Overall, we speculate that, relative to our experimental findings, the direct productivity effects of ChatGPT in the real economy will be somewhat lower and the technology will be more strongly complementary to human workers. To what extent either of these is true remains an open question.
From the paper
While AI tools can speed up the process and even improve the quality of writing, the fact-checking required could offset these time-saving benefits, especially for tasks that require precise factual accuracy. Future advances in AI technology would need to significantly improve in this area to be more reliably useful.
AI’s potential impact on the job market
The potential for increased demand for services, as they become cheaper due to AI-enhanced productivity, is a critical factor that will mediate the productivity effects of AI technologies like ChatGPT, the researchers speculate.
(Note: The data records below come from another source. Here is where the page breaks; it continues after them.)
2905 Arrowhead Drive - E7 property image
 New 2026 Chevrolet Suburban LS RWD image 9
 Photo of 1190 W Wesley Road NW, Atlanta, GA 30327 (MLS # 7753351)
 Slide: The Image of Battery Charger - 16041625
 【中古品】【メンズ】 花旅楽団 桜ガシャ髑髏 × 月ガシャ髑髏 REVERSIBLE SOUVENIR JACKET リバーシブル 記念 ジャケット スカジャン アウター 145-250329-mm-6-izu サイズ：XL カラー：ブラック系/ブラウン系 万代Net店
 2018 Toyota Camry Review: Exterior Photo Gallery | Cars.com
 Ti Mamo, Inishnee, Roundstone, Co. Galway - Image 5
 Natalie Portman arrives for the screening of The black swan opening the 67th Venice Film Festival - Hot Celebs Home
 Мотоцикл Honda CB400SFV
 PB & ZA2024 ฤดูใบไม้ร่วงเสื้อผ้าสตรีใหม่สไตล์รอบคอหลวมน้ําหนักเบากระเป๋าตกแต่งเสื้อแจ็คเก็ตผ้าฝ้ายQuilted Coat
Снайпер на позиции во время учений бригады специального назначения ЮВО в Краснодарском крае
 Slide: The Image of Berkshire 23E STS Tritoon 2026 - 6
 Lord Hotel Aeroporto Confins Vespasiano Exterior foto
For example, if the price of programming services were to drop significantly as a result of AI efficiency, this could potentially lead to a surge in demand and, consequently, an increase in employment in the sector. However, this may not be the case for professions such as advertising or communications. Demand could remain flat and employment could decline as fewer workers are needed.
The introduction of AI may also affect the composition of the workforce. Roles within organizations may shift, given the creativity and judgment required in professions such as advertising. The question is whether, for example, junior roles could be dedicated to fine-tuning AI outputs, while senior roles would provide conceptual input. This could significantly reshape how industries operate and how they employ people.
The role of AI in fields such as programming could have different implications for wages. If the AI tool requires an expert programmer to review its output and refine prompts, wages could rise due to the increased demand for expert professionals. However, if only basic programming skills are required to work with AI, this could lead to an oversupply of skilled programmers, potentially resulting in lower wages despite increased productivity.
Traditional promotion and hiring practices could also be affected by the widespread adoption of AI technologies such as ChatGPT. For example, AI tools could change the way performance is evaluated by recording and observing employees. This process could affect pay scales and hiring practices, in addition to changing organizational culture around effort and performance.